Even as the Taliban try their hand at governance, reports have emerged of severe infighting between the different factions. It appears that Mullah Abdul Ghani Baradar, the moderate face of the militant group, is at the losing end, and the Haqqani Network is emerging as the dominant power.

British magazine The Spectator reported of violent clashes between Baradar and Haqqani Network leader Khalil-ul-Rahman Haqqani in early September, when talks were on over the formation of a government with the chief of Pakistan's Inter-Services Intelligence (ISI) General Faiz Hameed. Baradar was apparently pushing for a more inclusive government that would include ethnic minorities and non-Taliban leaders. In the heat of the ensuing debate, Haqqani reportedly jumped from his chair and began punching Baradar. The brawl drew in the bodyguards of the leaders with alleged firing and “furniture as well as large thermos flasks full of hot green thrown around.”

Baradar disappeared soon after, and emerged in Kandahar. Later, a video was released on the state-run TV network, where Baradar was seen reaffirming his loyalty to the group. The message "looked like a hostage video", The Spectator reported.

The faction in Kandahar is headed by Mullah Mohammed Yaqoob Omari. This faction is steadfastly against the involvement of Pakistan and the ISI in Afghanistan’s domestic affairs. Opposing it is the faction in Kabul, headed by Sirajuddin Haqqani, head of the Haqqani Network, strongly backed by the ISI.

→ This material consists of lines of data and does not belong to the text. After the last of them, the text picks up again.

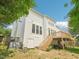 Backyard showcasing a raised wood deck and the exterior of the house at 2317 Colony Woods Dr, Apex, NC 27523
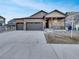 Charming two-story home with a three-car garage and stone accents on the front porch, set against a blue sky at 4877 Cattle Cross Rd, Castle Rock, CO 80104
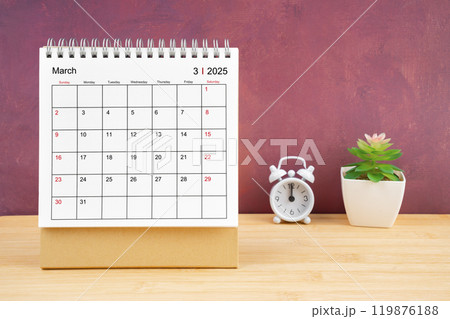 March Monthly desk calendar for 2025 year and alarm clock on wooden table. March Monthly desk calendar for 2025 year and alarm clock on wooden table. 119876188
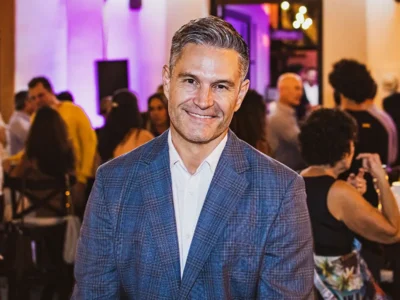 Ian Gengos at a real estate investment event in Los Cabos, featured in an interview with Monica Dallas on why and how to invest in Mexican real estate
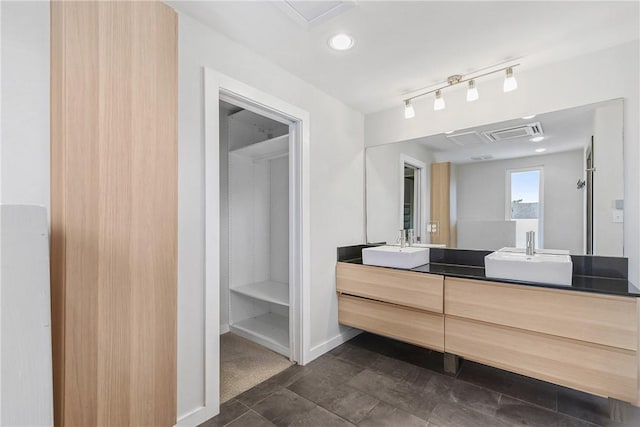 213 N Houston Ave, Bryan, TX 77803 - full bathroom featuring double vanity and baseboards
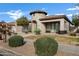 Front view of charming home with mature landscaping at 22174 E Creekside Dr, Queen Creek, AZ 85142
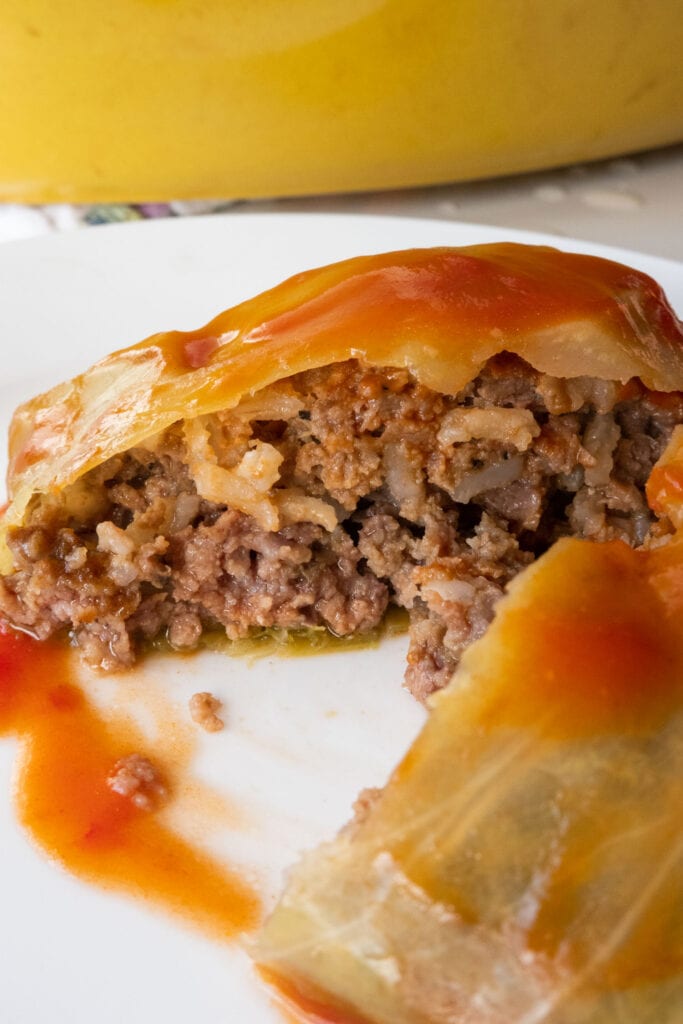 cabbage roll cut open revealing ground beef and rice inside.
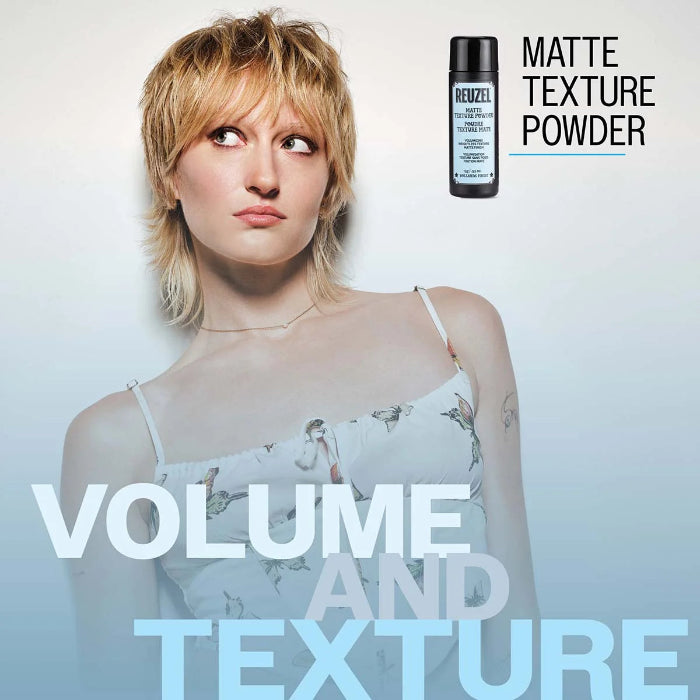 A woman with short blonde hair wearing a white spaghetti-strap dress with a bird print, posed against a light blue gradient background. In the upper right, a small bottle of HENZEL Matte Texture Powder is shown next to the text 'VOLUME AND TEXTURE'.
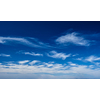 Blue clear sky with white cirrus spindrift clouds background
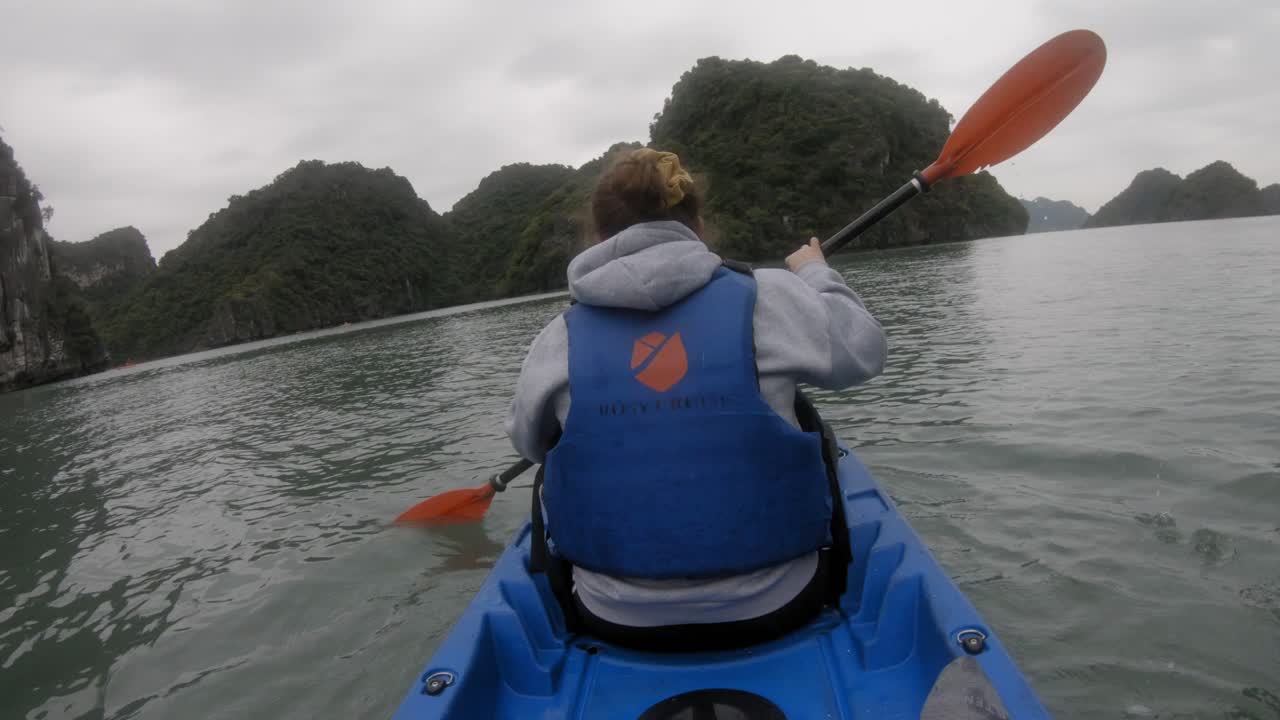 Ripresa in soggettiva di una donna in kayak che pagaia, vista da dietro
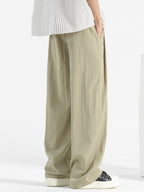 Men's loose fit casual pants with drawstring waist, relaxed comfort trousers in neutral fabric, by Trendsi.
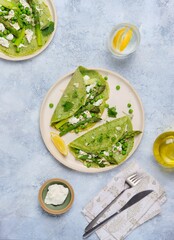 Green pancakes with spinach and nettles, stuffed with asparagus, green peas and ricotta on a ceramic plate on a gray concrete background. Seasonal products, recipes. Asparagus recipes.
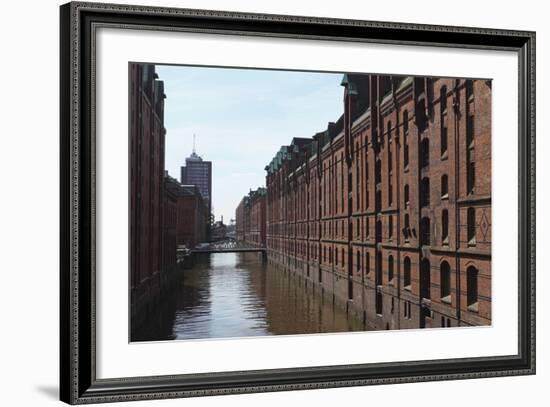 Red Brick Warehouses Overlook a Canal in the Speicherstadt District-Stuart Forster-Framed Photographic Print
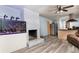 Open-concept living room with a painted fireplace, saltwater aquarium, and modern wood-look flooring at 98 Almon Church Rd, Covington, GA 30014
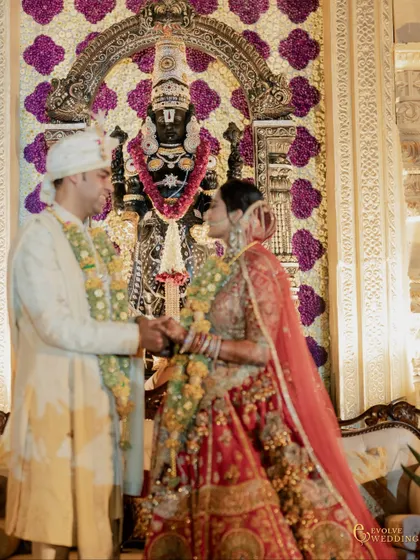 A close up of the couple during the ceremony, with the deity of Tirupati Balaji, framed by a wall of flowers, watching over their union. This detail highlights the spiritual core of the design.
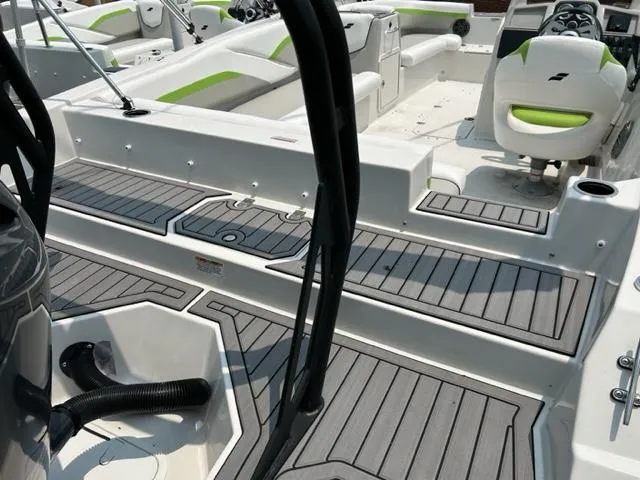 Slide: The Image of 2024 Starcraft SVX 211 Lime Green Sport boat interior with seating and deck. - 12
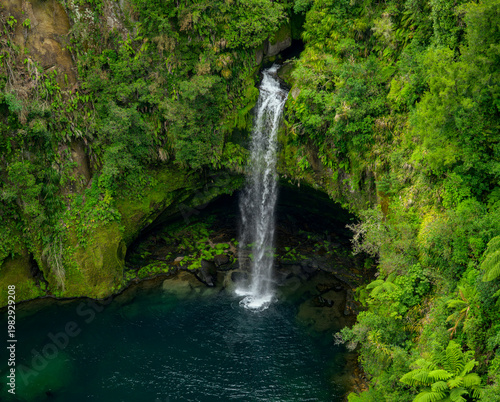 Omanawa falls flowing into natural turquoise pool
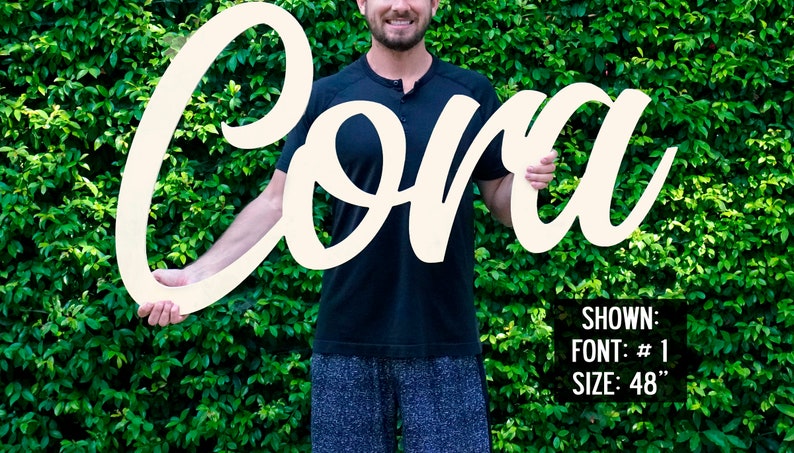 May include: White wooden sign with the name "Cora" in a cursive font. The sign is 48 inches tall. Shown: Font #1, Size: 48"
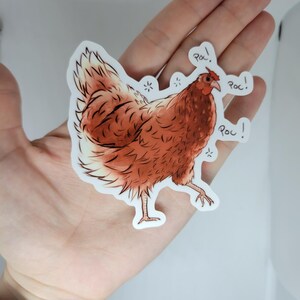 May include: A brown and white chicken sticker with the word "ROC!" written three times around it.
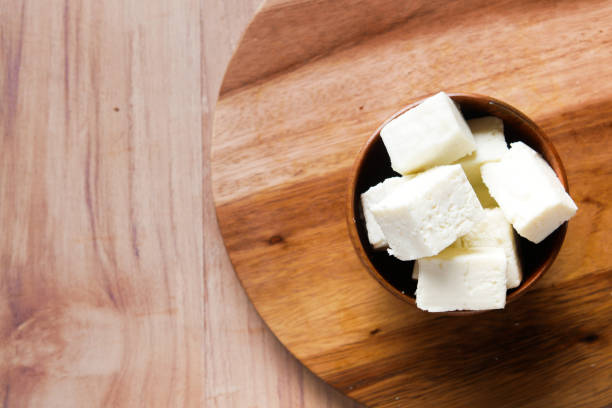 istock close up of fresh cheese in a bowl on table 1348094704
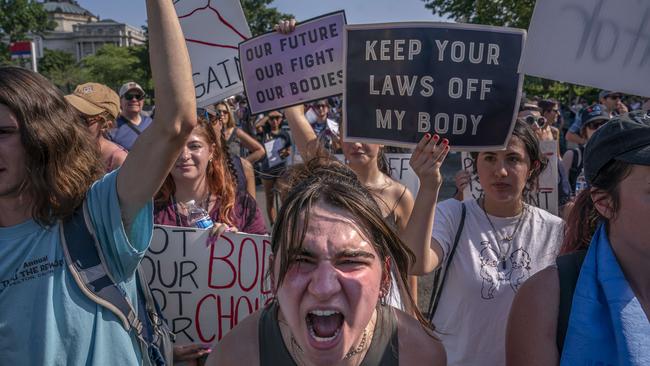 Activists from opposing sides of the abortion debate face off in front of the Supreme Court in Washington,. Picture: AFP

The apparent dominance of the Haqqani Network is concerning. The terror group is ultra-conservative, and insists on bringing about strict Islamic ideologies that provide no dignity to women or other ethnicities. This also stokes fear of the use of Afghani soil for terrorist activities—against India and the world.

With the Haqqani’s Pakistan gains a solid hand in the Afghan affairs. This will not be easy for the country to navigate, as powerful as the position is. The more it entrenches itself into its current role in Afghanistan, the more it jeopardises its global image. The EU is upset with Pakistan for its actions so far. China, its all-weather ally, may be warming up to the Taliban, but it will also draw a line when it comes to terrorism.